B2B SaaS growth plays, right in your inbox
Happy Sunday 👋
Three reads to think about this week:
AI app marketplaces are the new distribution layer
How Notion turned organic product love into a marketing engine
The GTM guide to building SaaS channel partnerships
Let's dive in!
Ian at SaaS Weekly
THIS WEEK IN SAAS
Interesting LinkedIn posts and industry news
Welp…there goes the PLG CRM category
Brendan Short, The Signal
Brendan Short put together a recap of the PLG CRM wave: 14 startups, $150M+ in venture funding, and, as of Pocus joining Apollo last week, zero still operating independently in the category.
Every company either pivoted, wound down, or got acquired at a fraction of its raise. Toplyne returned capital to investors. According to Brendan, two founders cited the "PLG CRM" label itself as a dealbreaker with enterprise buyers.
I'll be honest: I haven’t heard of any of these companies (maybe Pocus once, because I came across their blog while sourcing content), and I’m not too familiar with the space.
But I'm curious whether this is a pattern across other categories. I'd love to see someone run a report on how many GTM tools ended up getting absorbed into the platforms they were built around – feels like the stack is quietly consolidating.
AI app marketplaces are the new distribution layer
Adam Schoenfeld, Adam's GTM Report
Thought this was pretty cool: Adam Schoenfeld has been tracking every app listed on the Claude and ChatGPT marketplaces – 445 total as of mid-March, with 84 added in the first two weeks alone!
Claude skews heavily B2B, covering GTM, legal, finance, and dev tools, while ChatGPT leans consumer with Instacart, DoorDash, and Uber Eats leading the way. Only 51 companies have a dual presence on both.
If you're a B2B SaaS company shipping an MCP, you should be listed on these marketplaces. Otherwise, you're building the connector layer without capturing the distribution.
FROM THE TRENCHES
Perspectives from industry operators
Aligning messaging styles to the right audience
Creative messaging | Mike Northfield, Artifacts of Influence

For a long time, I followed the traditional demand-gen philosophy of focusing most of my efforts on buyers at the ‘bottom of the funnel’. Often only thinking about the rational case in my marketing campaigns: features, proof points, ROI arguments, etc.
And it felt pretty logical. Except, I’ve realized now that this approach neglects a giant swath of future buyers (and growth potential).
At any given moment, 60+% of your potential buyers aren't looking for a solution at all. They’re in what Stein and 6Sense call the Dead Zone.
The research that reshuffled my thinking comes from Kahneman's System 1 & System 2 framework applied to buying behavior.
In-market buyers are searching for evidence and using logic to evaluate (System 2). Rational arguments resonate here because they’re in an attentive state.
But out-of-market buyers are running on System 1: fast, associative, emotionally driven. They’re not paying attention to your category or product; they’re not ready to receive rational arguments. Instead, they’re passively filing away impressions that will shape their preference when they eventually do come in-market.
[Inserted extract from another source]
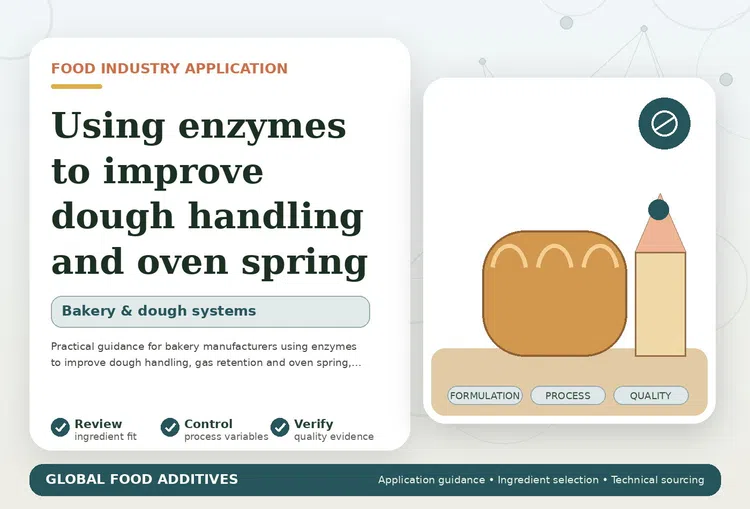 Bakery enzymes used to improve dough handling and oven spring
These two messaging styles serve different cognitive states. I've started treating them as two separate editorial tracks for content.
HOW COMPANIES GROW
Examples of growth plays and GTM Agent use cases
How Notion turned organic product love into a marketing engine
Community-led Growth | First Round Review
Growth teams only want one thing, and it's…awesome: users who love the product enough to create content about it without being asked. (That’s the dream!)
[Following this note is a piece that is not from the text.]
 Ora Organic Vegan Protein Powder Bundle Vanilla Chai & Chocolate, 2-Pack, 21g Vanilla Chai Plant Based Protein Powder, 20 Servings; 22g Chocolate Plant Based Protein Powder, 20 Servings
Notion has this. So does Clay. The template galleries, the YouTube tutorials, the TikTok walkthroughs – most of it emerged from users, not the marketing team. The question is, how do you get there?
For Notion, the unlock was that template creators could build personal brands and consulting businesses off their builds – making sharing its own incentive (e.g., acting in their own self-interest).
From there, the playbook breaks down into three layers:
Decentralized community: Notion launched an Ambassador program of 300+ enthusiasts who run their own events, groups, and content channels globally. Notion provides grants, early access, and support – but the ambassadors own the programs.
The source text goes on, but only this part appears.